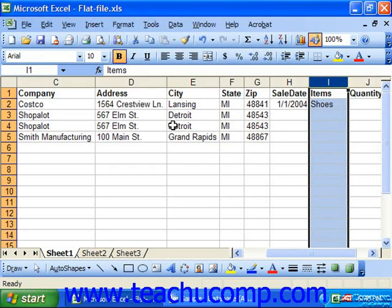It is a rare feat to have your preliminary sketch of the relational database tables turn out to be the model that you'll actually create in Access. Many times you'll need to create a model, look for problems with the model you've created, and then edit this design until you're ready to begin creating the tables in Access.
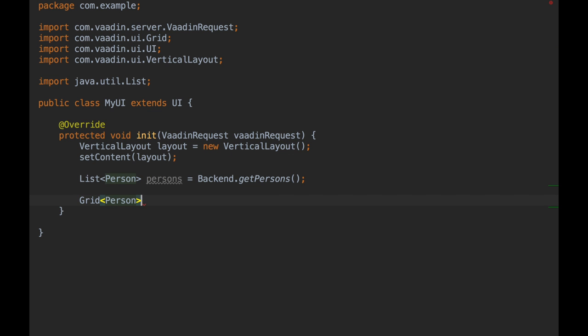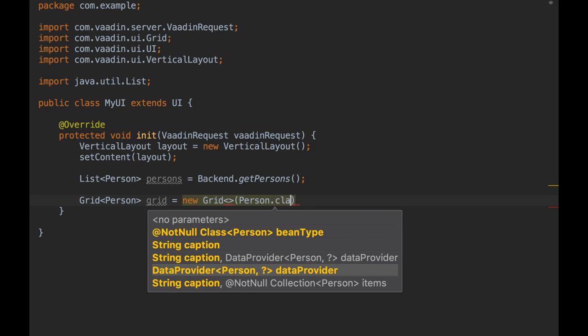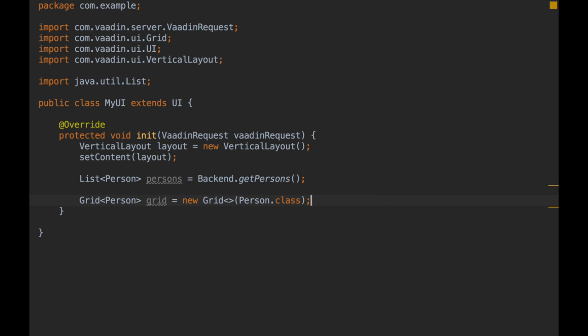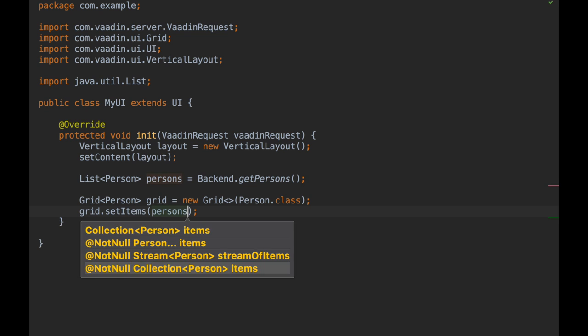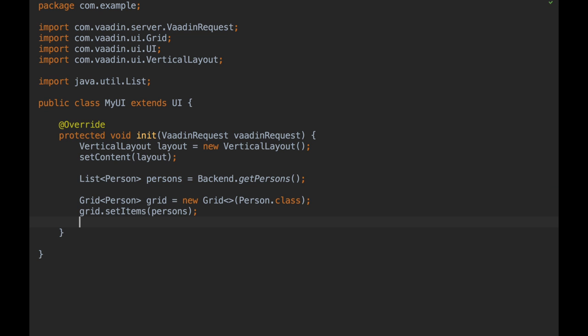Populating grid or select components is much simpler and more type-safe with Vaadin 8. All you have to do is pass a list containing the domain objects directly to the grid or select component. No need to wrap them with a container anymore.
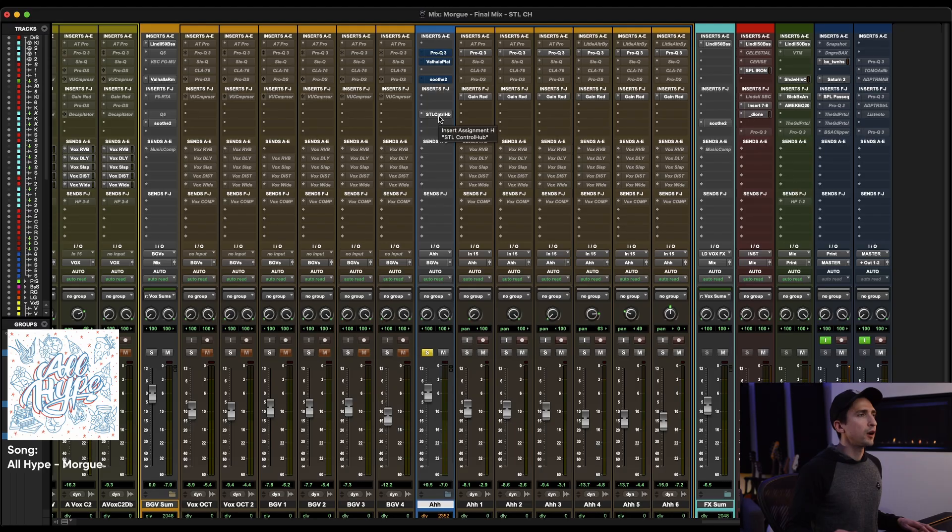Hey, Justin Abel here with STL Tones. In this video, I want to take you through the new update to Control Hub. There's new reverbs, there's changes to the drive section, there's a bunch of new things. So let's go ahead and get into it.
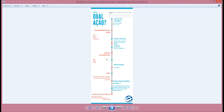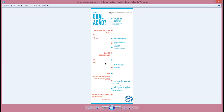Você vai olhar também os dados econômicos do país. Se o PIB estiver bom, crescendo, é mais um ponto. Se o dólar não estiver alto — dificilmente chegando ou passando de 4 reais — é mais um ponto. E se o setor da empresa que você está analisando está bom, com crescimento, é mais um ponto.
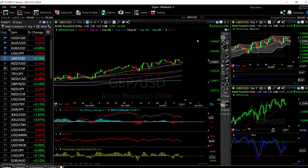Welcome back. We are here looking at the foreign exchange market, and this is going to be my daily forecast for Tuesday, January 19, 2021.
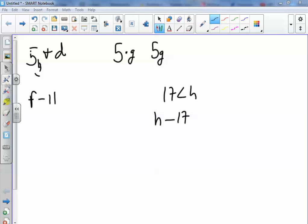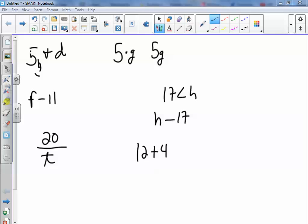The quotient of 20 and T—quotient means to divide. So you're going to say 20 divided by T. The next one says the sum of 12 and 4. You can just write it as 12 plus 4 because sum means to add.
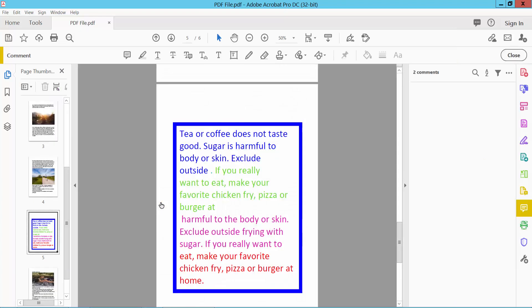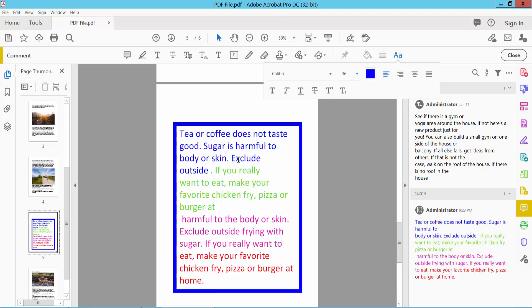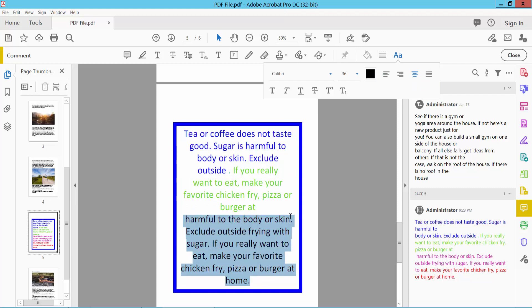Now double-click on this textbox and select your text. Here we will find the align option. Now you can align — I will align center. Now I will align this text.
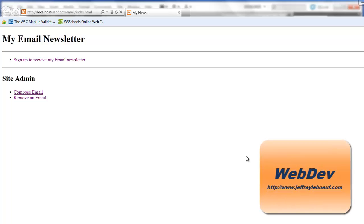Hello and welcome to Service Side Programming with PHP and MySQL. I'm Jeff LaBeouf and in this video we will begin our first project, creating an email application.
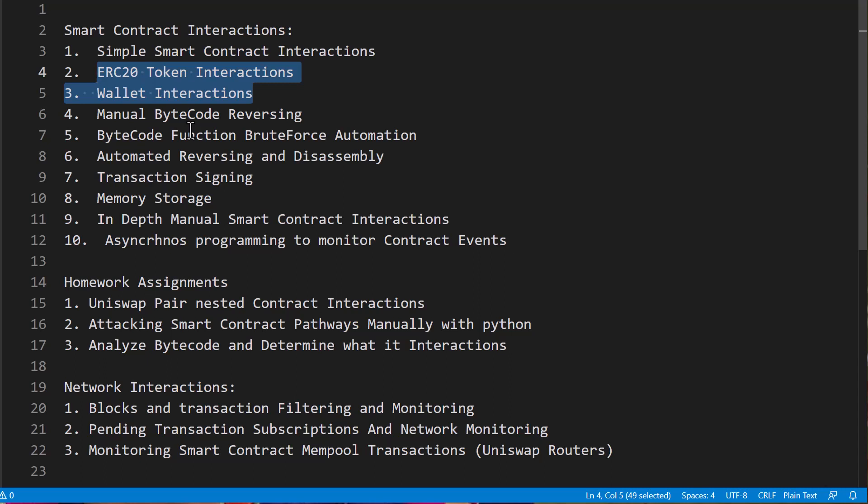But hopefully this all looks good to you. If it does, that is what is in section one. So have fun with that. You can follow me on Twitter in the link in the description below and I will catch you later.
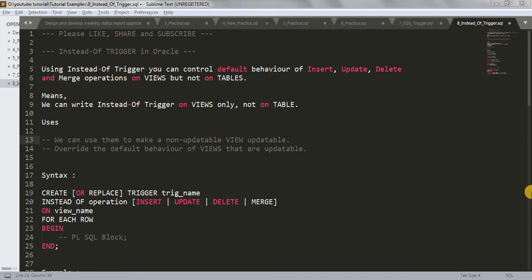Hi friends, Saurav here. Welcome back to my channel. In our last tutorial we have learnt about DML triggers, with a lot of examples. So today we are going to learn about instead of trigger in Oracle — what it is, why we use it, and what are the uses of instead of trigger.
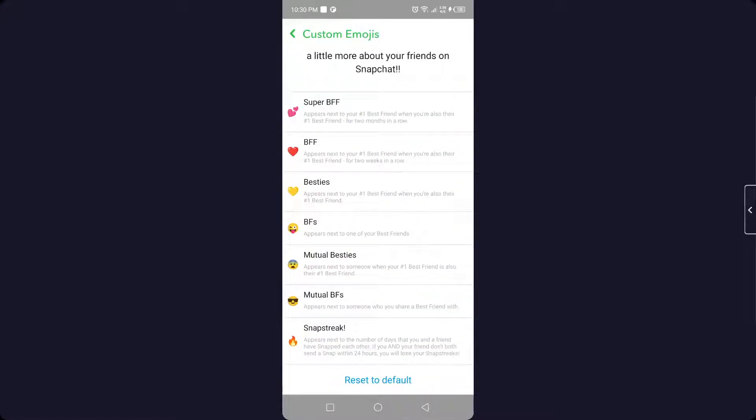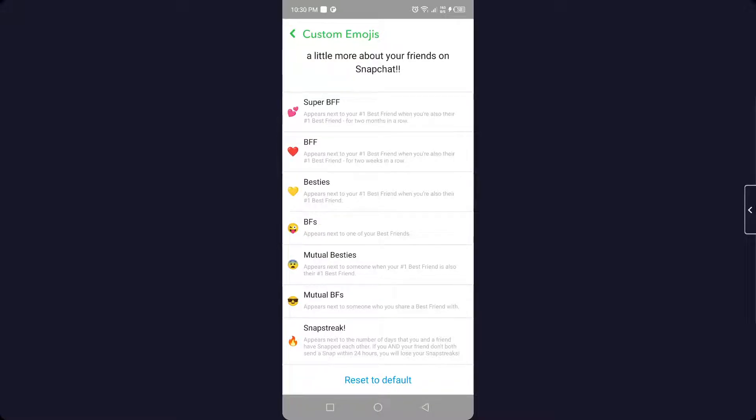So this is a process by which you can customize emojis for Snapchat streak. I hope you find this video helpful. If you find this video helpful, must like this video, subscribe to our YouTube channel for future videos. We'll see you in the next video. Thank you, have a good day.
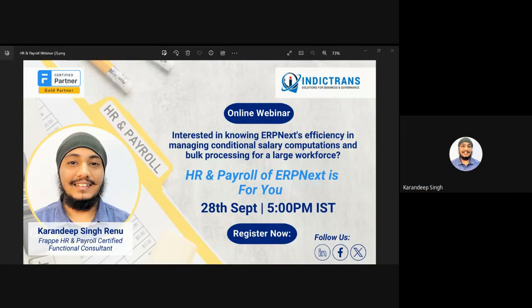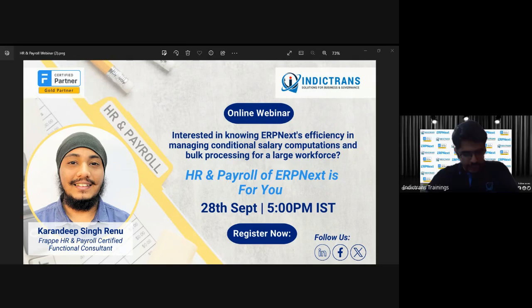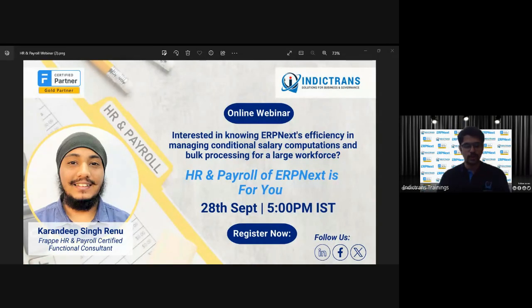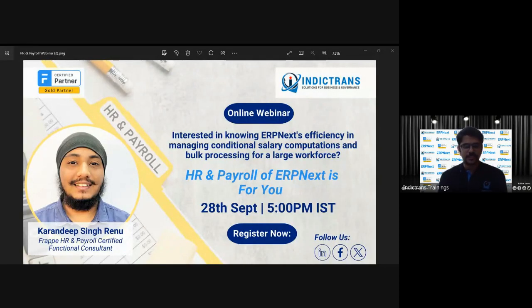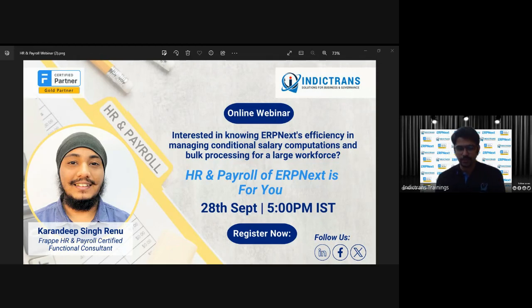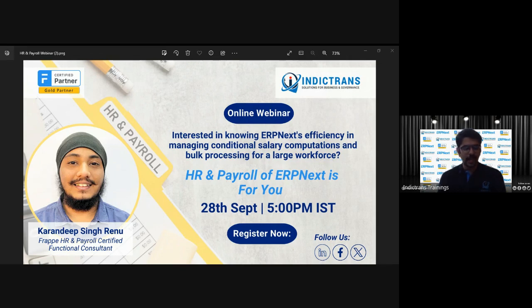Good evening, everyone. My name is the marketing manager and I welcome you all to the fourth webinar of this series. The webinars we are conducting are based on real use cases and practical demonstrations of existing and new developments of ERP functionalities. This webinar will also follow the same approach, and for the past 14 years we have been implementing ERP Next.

___

Assignment:
Your task is to copy only the lines above starting at the one containing "Now double-click on" and ending at the one containing "Hello and welcome". Copy them exactly, both ends included, and omit the pictures.

Solution below:
Now double-click on this textbox and select your text. Here we will find the align option. Now you can align — I will align center. Now I will align this text.
Hello and welcome to Service Side Programming with PHP and MySQL. I'm Jeff LaBeouf and in this video we will begin our first project, creating an email application.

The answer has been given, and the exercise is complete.